# An Introduction to Japanese Text Mining: Part One

![Japanese Text Mining](images/japanese_text_mining.jpg)
Check out the [Emory University workshop blog](https://scholarblogs.emory.edu/japanese-text-mining/) on Japanese Text Mining. The example notebook cells below repeat the steps in the [tutorial](http://history.emory.edu/RAVINA/JF_text_mining/Guides/Jtextmining_intro_part2.html) of Mark Ravina using python instead of R. The quoted text below is directly from Ravina's article, with minor word changes for python syntax.

## Imports

In [None]:
import re
import requests
import pandas as pd
import plotly_express as px

## Regex

> Regex is short for “regular expressions.” Think of regex as an extreme version of searching in a word processor using “wild cards.” We can search not only for specific strings, but types of strings, such as lowercase letters or kanji or kana, and narrow our search based on position and the surrounding text. There are entire books dedicated to regex, but we’ll cover the core concepts to get you started.
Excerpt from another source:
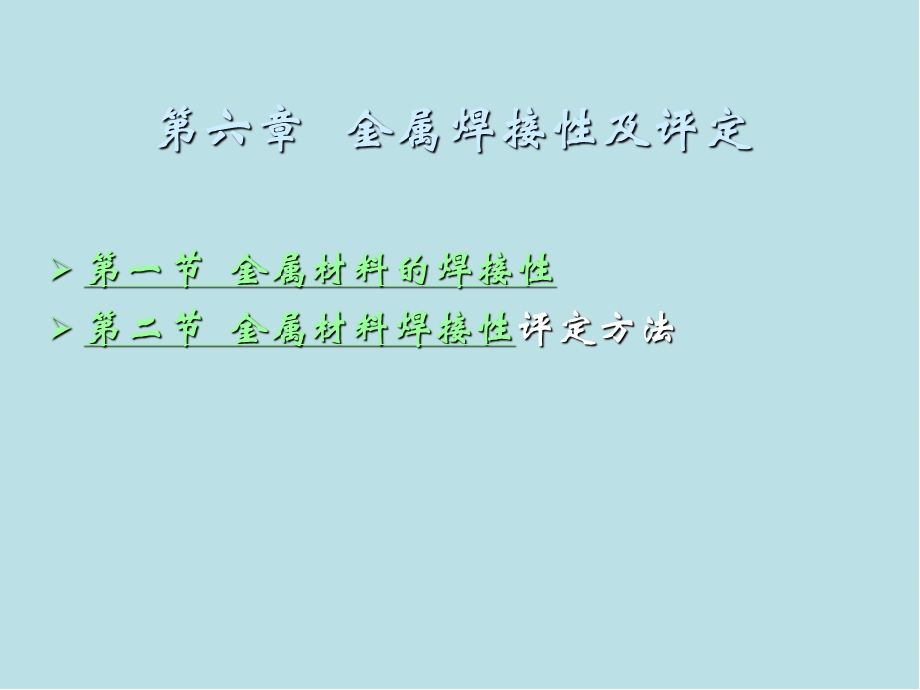 金属熔焊原理及材料焊接第六章-金属材料的焊接性及评定课件.ppt_第1页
> Let’s begin with a simple example: we’ll search a few characters before and after a given string. In regex, the “period” character “.” means “any character, including whitespace.”

In [None]:
string = "これはペンです"
pattern = "は"
re.findall(pattern, string)

In [None]:
string = "これはペンです"
pattern = ".は."
re.findall(pattern, string)

In [None]:
string = "これはペンです"
pattern = "..は.."
re.findall(pattern, string)

> The function `re.findall`, as the name suggests, finds all the strings matching the pattern argument. (Argument is the technical term for the details of a function or command.) More interesting is the role of the period in that pattern argument. Note how the argument pattern = “..は..” gets two characters on either side of “は”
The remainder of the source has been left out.